To: Scrapps who wrote (16566)7/7/1998 12:51:00 PM
From: WebDrone  Respond to of 22053
 
Cockamamie.

Every mathematician and computer scientist knows how to deal with the ring modulus arithmetic of the year 2000-

"If age is less than zero, age=age +100 "

say you were born in 1990. in 2010, your age is 2010-1990 = 20.
in Y2k lingo 10-90 = -80. Oops! Negative age, so add 100 = 20.

The Y2k problem is that most of the accounting crap is written in cobol, and the dates are treated as text, not numbers. Then business drone programmers write routines that say "if converted age is negative, notify the operator of an input error, and tell them to try inputing the improper date again." or even worse. The Problem is, the code is so huge and sloppy, nobody knows where all the date checking code lives- it's all over in 20 year old code.

I'm starting to think that Y2k is the biggest scam going. What is a Y2k firm going to do for income in 2001? IBM and Oracle, I know what they'll be doing, these little panic shops... LOL.

Me- I'm counting on taking the year 2000 easy- So an accounting system can't figure out my age for a year. Big deal.

Gotta go watch my AAPL today... it'll be an interesting week or two.

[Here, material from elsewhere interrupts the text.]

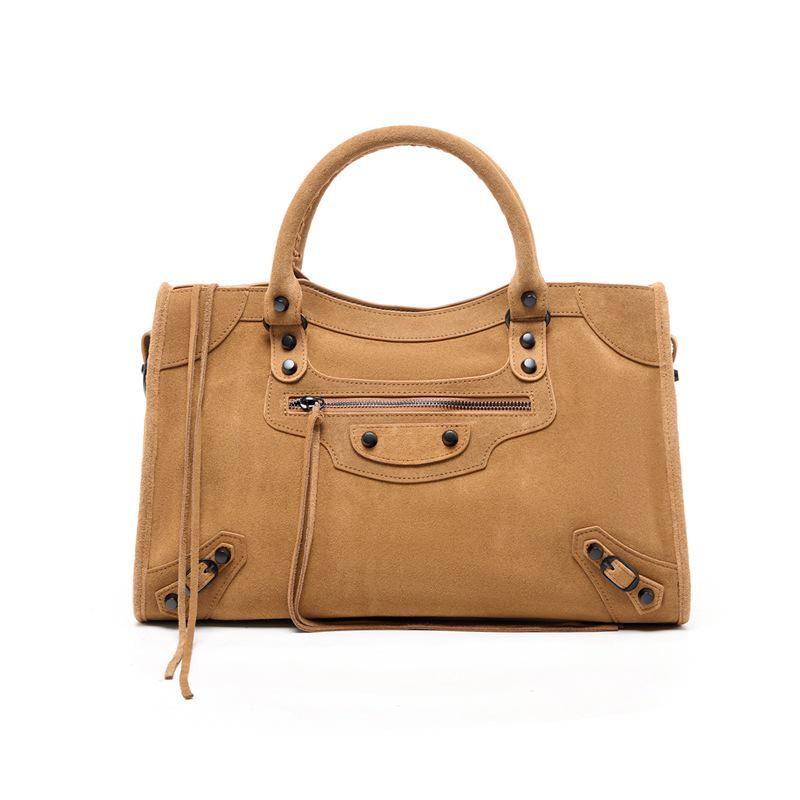 Borsa Tote Retro in Pelle da Motociclista di Grande Capacità per Donna - Borsa a Mano da Pendolare con Cerniera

Anyone care to comment on today's 3com action? I must admit I am trading coms on the up cycles, and am out now, waiting for... $26 and some? Comments?

R.



To: Scrapps who wrote (16566)7/7/1998 2:13:00 PM
From: Moonray  Read Replies (1) | Respond to of 22053
 
The cheapest solution to the Y2K problem is, of course, political.
Like the CA legislature, they could just "cover all the calendars".
Or, congress could just pass a law making Xmas '99 last forever (can
you say the movie "Groundhog Day"?).